*Excerpted records*:
══════════
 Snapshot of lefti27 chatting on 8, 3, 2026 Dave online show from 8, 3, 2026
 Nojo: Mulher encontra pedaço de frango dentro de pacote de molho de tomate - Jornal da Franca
══════════
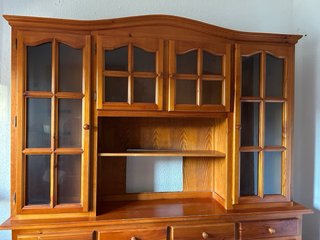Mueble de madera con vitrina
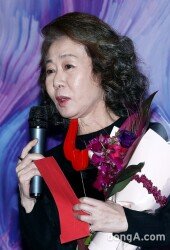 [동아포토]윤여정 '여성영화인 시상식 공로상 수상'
══════════
*Aim of the exercise*: Scan the entries above for the line containing "Snapshot of lefti27", and copy it and all lines after it exactly, down to and including the line containing "Nojo: Mulher encontra".

*Answer section*:
 Snapshot of lefti27 chatting on 8, 3, 2026 Dave online show from 8, 3, 2026
 Nojo: Mulher encontra pedaço de frango dentro de pacote de molho de tomate - Jornal da Franca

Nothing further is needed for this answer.